小林:配信後のアーカイブ視聴数も無視できません。ライブを観た後にアーカイブでもう1度確認したいユーザーはロイヤルティが相当高いと言えますし「ライブは見逃がしたものの、アーカイブは観たい」というユーザーも、今後の“ライブ視聴者予備軍”と捉えてアプローチすべきです。離脱率、視聴時間、視聴完了率、コメント、アーカイブ視聴数まで見て、ここでやっと「視聴数」に目を向けるべきではないでしょうか。

武者:「視聴数の減少」も、場合によってはポジと捉えられますよね。たとえば800人の視聴者が途中で200人まで減ったとしても、商品を購入するために離脱している可能性があるからです。「買ったらまた戻ってきてね」「買った商品を報告してね」という呼びかけもプレーヤーのスキルの1つ。大事なのは、視聴数にとらわれ過ぎないことです。

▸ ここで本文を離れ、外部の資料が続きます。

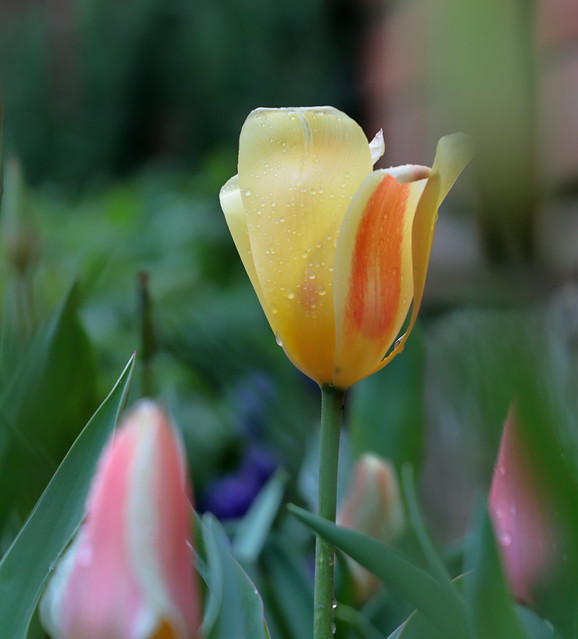 Tulips_2024_4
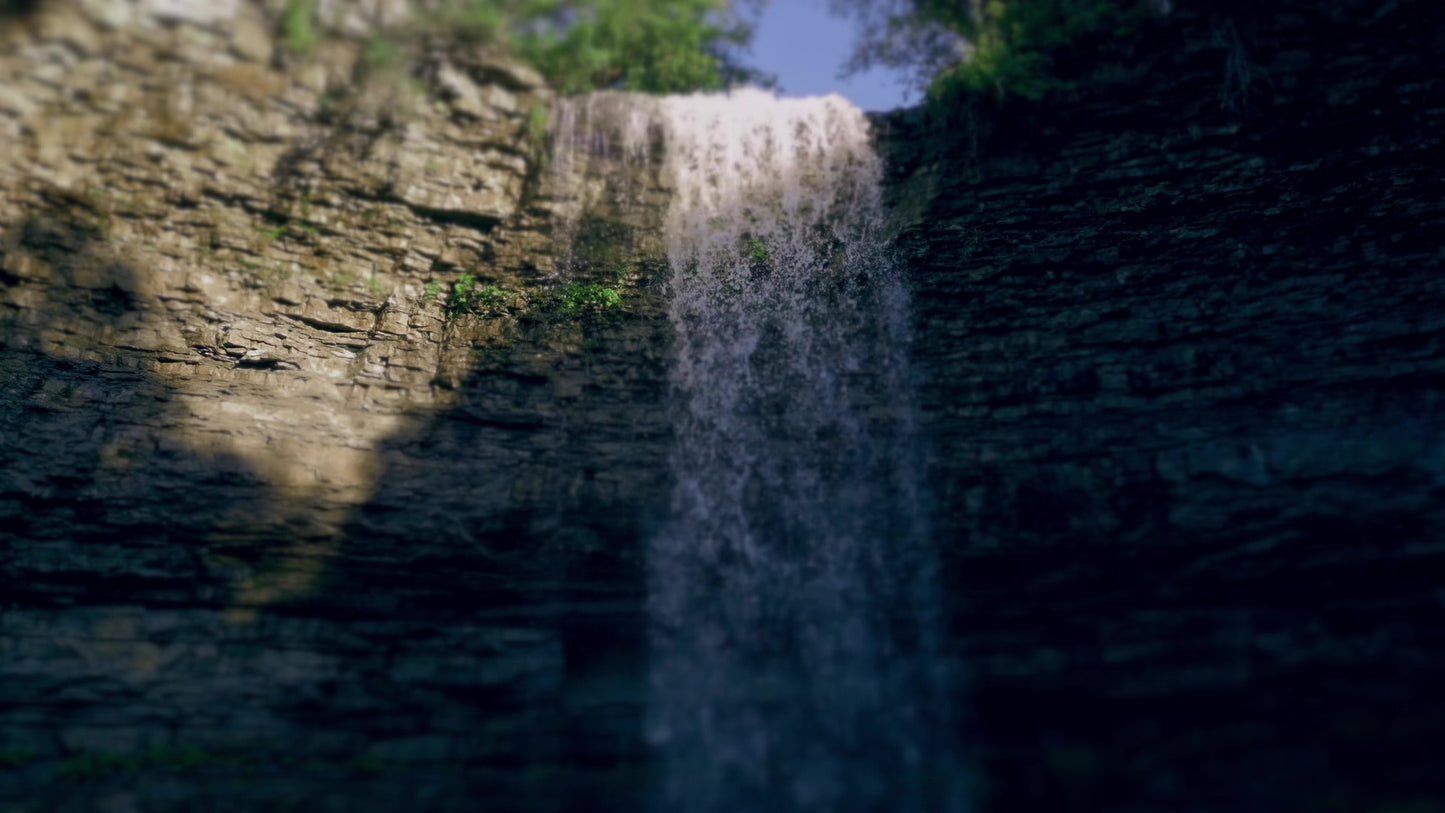 Nature's Force 5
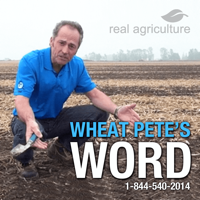 Wheat Pete's Word podcast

小林:最初から視聴数やカート誘導率、LP滞在率、CVRなどの指標を狙い過ぎると長続きしません。視聴完了率が高い配信やコメントの質が高い配信は、自ずと視聴数も増えていくんです。当社のクライアントの中には、半年~1年間地道に継続した結果50~100倍の効果が出ているところもざらにあります。

ライブコマースを「第3の場所」と捉えよ

MZ:2022年に企業がライブコマースを取り入れる際のポイントを教えてください。

武者:2017~2018年のライブコマースは「中国で流行っているやり方をそのままトレースすれば売れるのでは?」という希望的観測のもと始まりました。しかしながら、実際にはそうならなかった。時を経て2020年以降のライブコマースは、コロナ禍における「リアル接客の代替策」として注目を集めました。

 これからは、リアルとデジタルの“良いとこ取り”をした第3の場所として活用する視点が不可欠。ライブコマースを1つのチャネルとして設計することが、2022年以降のポイントだと思います。

小林:そうですね。単発の配信で費用対効果を出そうとするのではなく、LTVの観点でライブコマースを設計・評価すべきだと思います。上手く活用しているクライアントは軒並みLTVを意識して取り組み、成果につなげています。

 加えて、コロナで変化した生活の常識に寄り添っていけるかどうかもポイントだと考えています。ある調査によると、自身のオフタイムにおける1時間に対し、リモートワーク「有」の生活者が「無」の生活者の2 倍以上の価値を感じていることがわかっています(出典:ジェイアール東日本企画『EKISUMER』VOL.48)。生活者の時間の使い方が多様化し、可処分時間の価値が高まる今、短時間でも深く刺さるコンテンツが求められるのではないでしょうか。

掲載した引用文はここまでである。